Steroids could reduce the risk of babies dying or developing breathing problems for mothers at risk of delivering twins prematurely, research has found.
Researchers at the University of Aberdeen found the use of steroids resulted in lower levels of infant mortality and respiratory disease syndrome in twins.
Steroids are regularly used to reduce the chances of neo-natal deaths, respiratory issues and other complications in babies expected to be born prematurely.
But studies usually focus on single births, twins and higher multiples such as triplets as one group.
Twins and other multiple births are 10 times more likely to be born prematurely compared to single babies.
Following calls to look at the use of antenatal steroids specifically in births involving twins, triplets etc, University of Aberdeen researchers along with colleagues from McGill University, Canada, and Monash University, Australia, have reviewed all relevant studies from across the world from 1974 to 2018.
Researchers looked at non-randomised studies that compared outcomes among twin newborns who had or had not been exposed to antenatal steroids. No restriction was applied to drug type, dosage, or number of doses.
The researchers are calling for twins to be included in future studies of this type as they are often underrepresented in clinical research.
Dr Sohinee Bhattacharya, from the University of Aberdeen, said: “This is an important review of existing literature as it has enabled us to look specifically at twins and see that they, in particular, are benefitting from the use of steroids.
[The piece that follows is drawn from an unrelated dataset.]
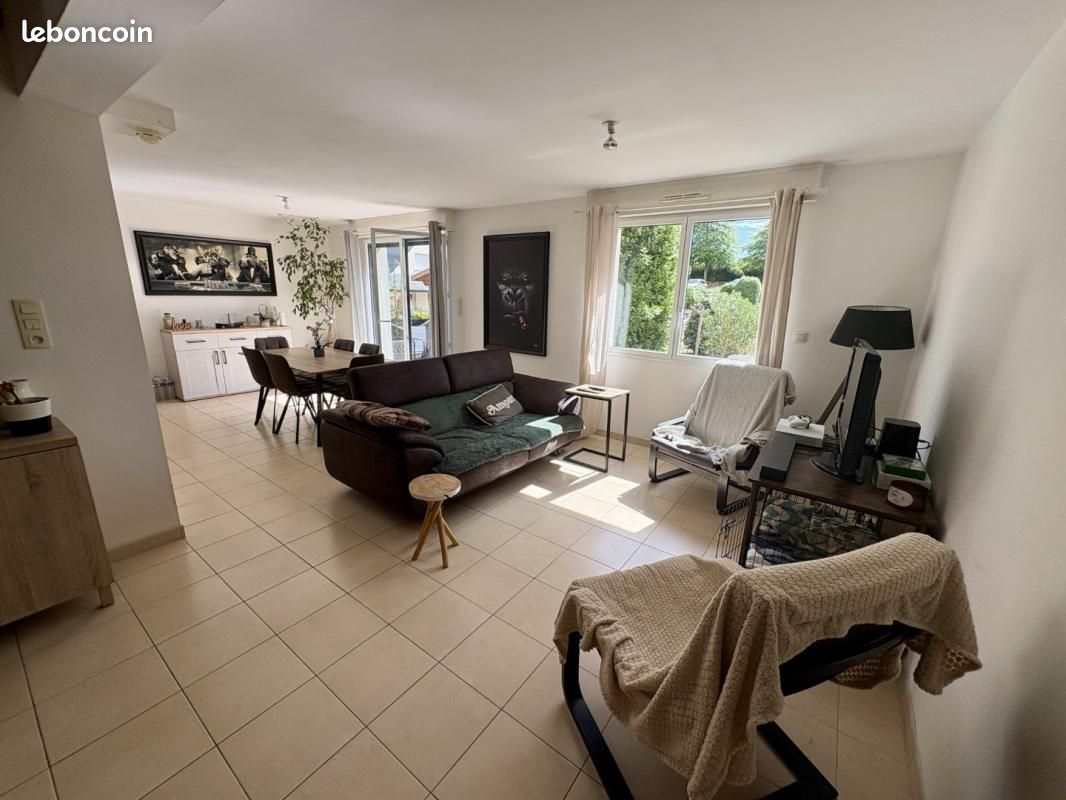 Maison 4 pièces 102 m² · à Theix-Noyalo · 102 m² · 1 190 €/mois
“This should give clinicians further confidence that this is an appropriate treatment that results in improved outcomes for babies.
“Twins and other multiple births are often excluded from research as, due to their relatively rare nature, they are outliers in comparison to many single births.
“But it is essential that twins and higher numbers are included so that we can ensure that treatments are just as safe for them as it is for single birth babies.”
The findings have been published in Obstetrics and Gynaecology journal.